Apple, Microsoft and Alphabet said on Tuesday that their latest revenues and earnings had surged above the stock market’s already optimistic expectations, confirming that demand for their digital services and gadgets continued to soar as some countries began to emerge from the pandemic.
Apple
Apple’s profits almost doubled in its latest quarter to $21.7bn, as iPhone sales surged and anticipated component shortages failed to bite.
Apple’s overall revenues grew by 36 per cent compared to the same period last year, including a 50 per cent rise in iPhone sales, driving net income 93 per cent higher for the three months to June 26.
Though the pace of year-on-year growth was slightly slower than in the previous quarter, Apple still stretched far ahead of Wall Street’s targets on almost every metric.
Luca Maestri, Apple’s finance chief, told the FT that the quarter was “very, very strong across the board”, noting that its services revenues had hit a new record.
“Our install base of active devices also set a new all time record in all geographic segments,” he said, outperforming Apple’s own internal forecasts in the US and China.
Sales in the Americas grew by 33 per cent, while Greater China was up by 58 per cent.
Three months ago, Apple had warned of a $3bn-4bn hit to iPad and Mac sales due to component shortages, as the technology and automotive industries grappled with ongoing semiconductor supply restrictions. But Maestri said that the impact ended up being less than $3bn, with iPad sales up 12 per cent and Macs up 16 per cent.
Even as lockdowns lift, Apple services revenues grew by 33 per cent, including a June quarter record for the App Store and a particularly strong rebound in advertising revenues.
“Now that economies are reopening, we continue to see really strong demand for digital services,” Maestri said.
Microsoft
Microsoft ended its financial year on a strong note, posting a 21 per cent jump in revenue as it saw a flood of new business in areas like cloud computing, LinkedIn advertising and business applications.
The US software company’s sales and earnings comfortably topped most official Wall Street estimates, though its shares slipped back 2 per cent after a near-20 per cent rally in the last two months took its stock price to a record high.
Microsoft’s Azure cloud platform, one of the main engines of its recent growth spurt, had seen revenue growth slow in recent quarters as it became a much bigger contributor to the overall business.

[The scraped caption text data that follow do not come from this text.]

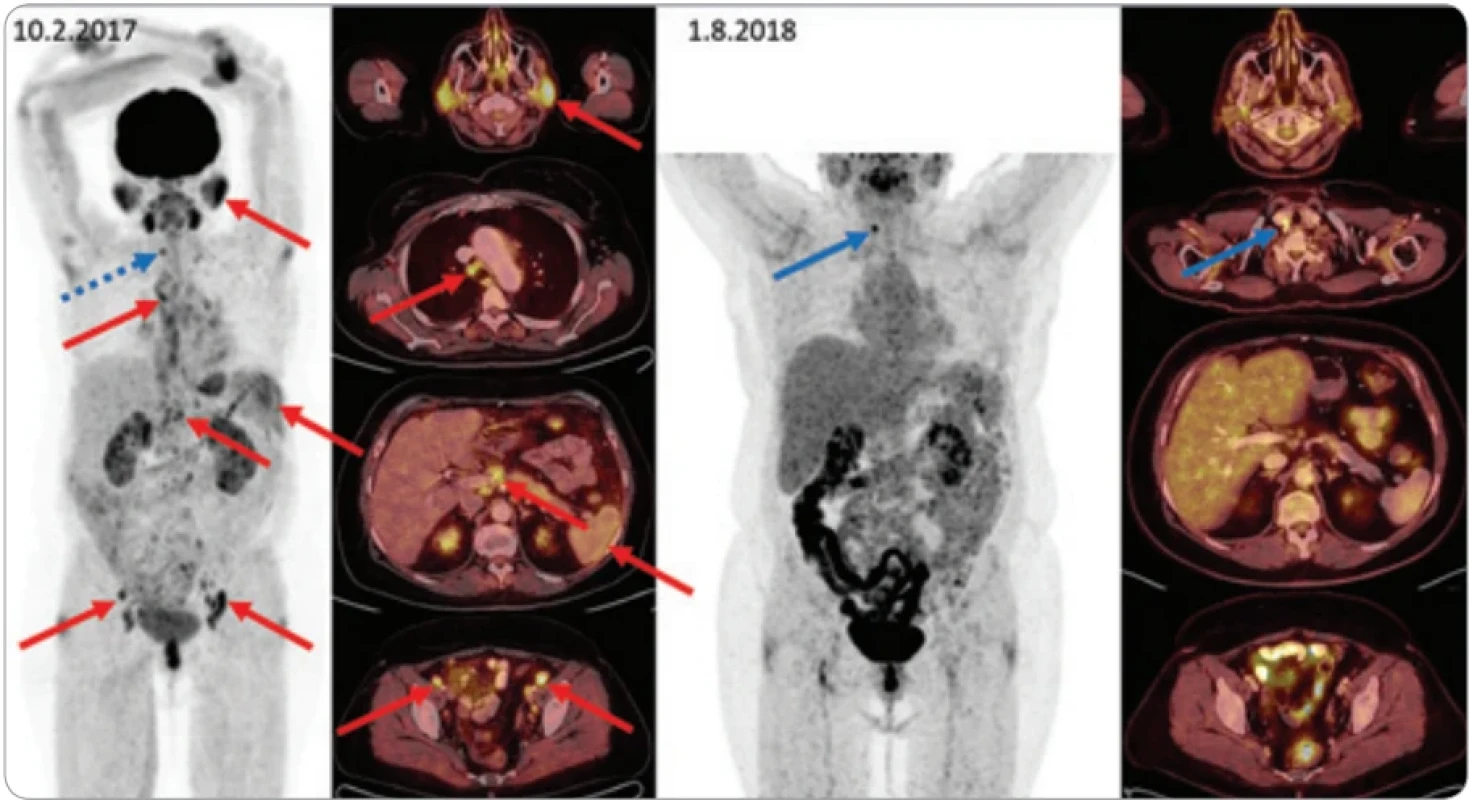 Pacientce (ročník 1950) byla v roce 2014 diagnostikována chronická pankreatitida (blíže typ pankreatitidy neupřesněn). V roce 2017 biopsie lymfadenopatie v třísle, histologicky stanovena IgG4-RD s vícečetnými ložisky, jak ukazují šipky. Modrá šipka ukazuje tumor ve štítné žláze. Strumektomie potvrdila papilární karcinom štítné žlázy. V roce 2017 byla podána léčba rituximabem a cyklofosfamidem a bylo dosaženo remise. V roce 2020 opakovaná léčba pro relaps nemoci a od té doby má pacientka udržovací léčbu rituximab 1 000 mg v 6měsíčních intervalech. Monitorace léčby pomocí 18F-FDG-PET/CT – vlevo iniciální sken (MIP PET snímané části těla a detaily v axiálních fúzovaných řezech), vpravo kontrolní sken. Šipkami jsou označeny metabolicky aktivní infiltrace příušních slinných žláz, zvětšená aktivní uzlina vpravo pod prsními svaly, infiltrace přechodu hlavy a těla pankreatu. Další méně výrazná ložiska (vlevo v gll. submandibularis, uzlinách na krku, kaudě pankreatu) jsou patrná na MIP zobrazení, ale nejsou označena. Tato metabolicky aktivní ložiska při kontrolním vyšetření zanikají, drobné reziduum bez zvýšené metabolické aktivity je patrné jen vpravo submamárně.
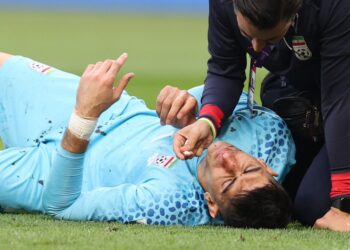 HIDUNG Alireza Beiranvand berdarah selepas berlanggar dengan rakan sepasukan dalam aksi Kumpulan B, Piala Dunia 2022 menentang England. - AFP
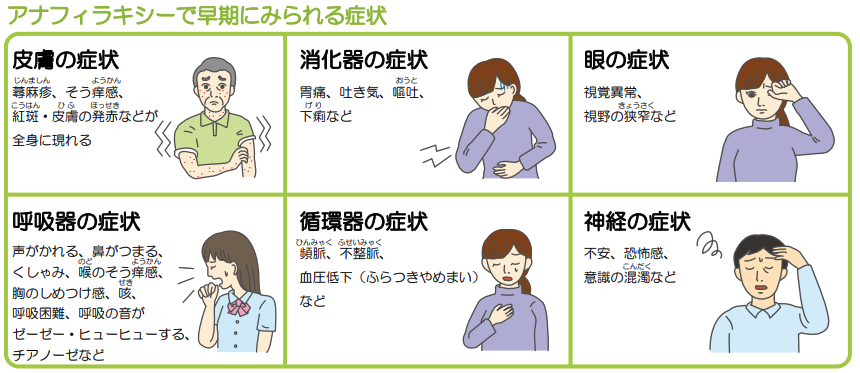 アナフィラキシーで早期にみられる症状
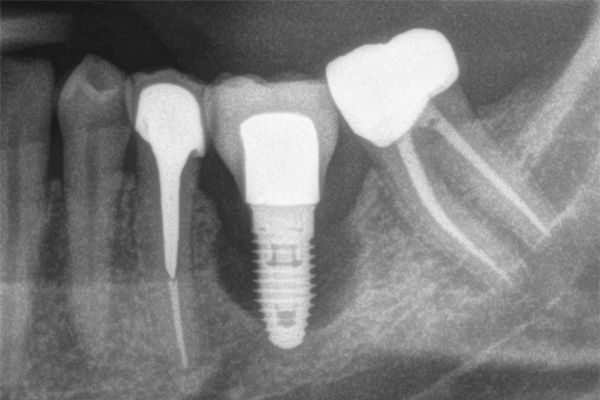what does an infected dental implant look like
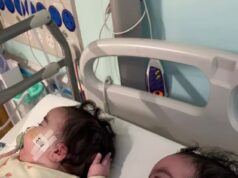 Jesy Nelson revela que filhas gêmeas, de 9 meses, estão sendo tratadas no Great Ormond Street Hospital enquanto ela compartilha uma imagem comovente de suas talas nas pernas durante o tratamento contínuo para SMA Jesy Nelson compartilhou novas fotos de suas filhas gêmeas enquanto elas recebiam um check-up dos médicos do Great Ormond Street Hospital enquanto usavam talas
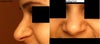 Nose when smiling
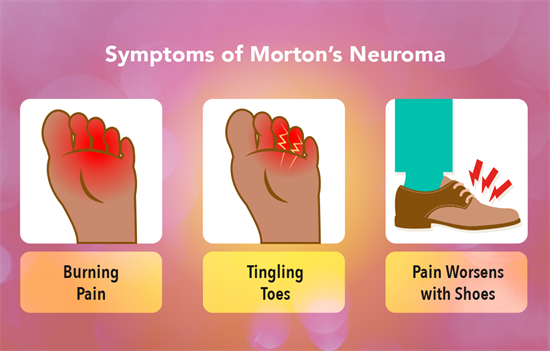 Morton's Neuroma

But in the three months to the end of June, Azure growth accelerated, reaching 51 per cent. That was up from growth of 46 per cent in the preceding three months, and the fastest expansion rate in five quarters.
Satya Nadella, chief executive officer, said the figures showed that “when we execute well and meet customers’ needs in differentiated ways in large and growing markets, we generate growth, as we’ve seen in our commercial cloud”.
He also singled out the strong performance of newer businesses like gaming, security and LinkedIn. The professional networking site reported a 46 per cent jump in revenue, while the Dynamics suite of business applications grew by 49 per cent.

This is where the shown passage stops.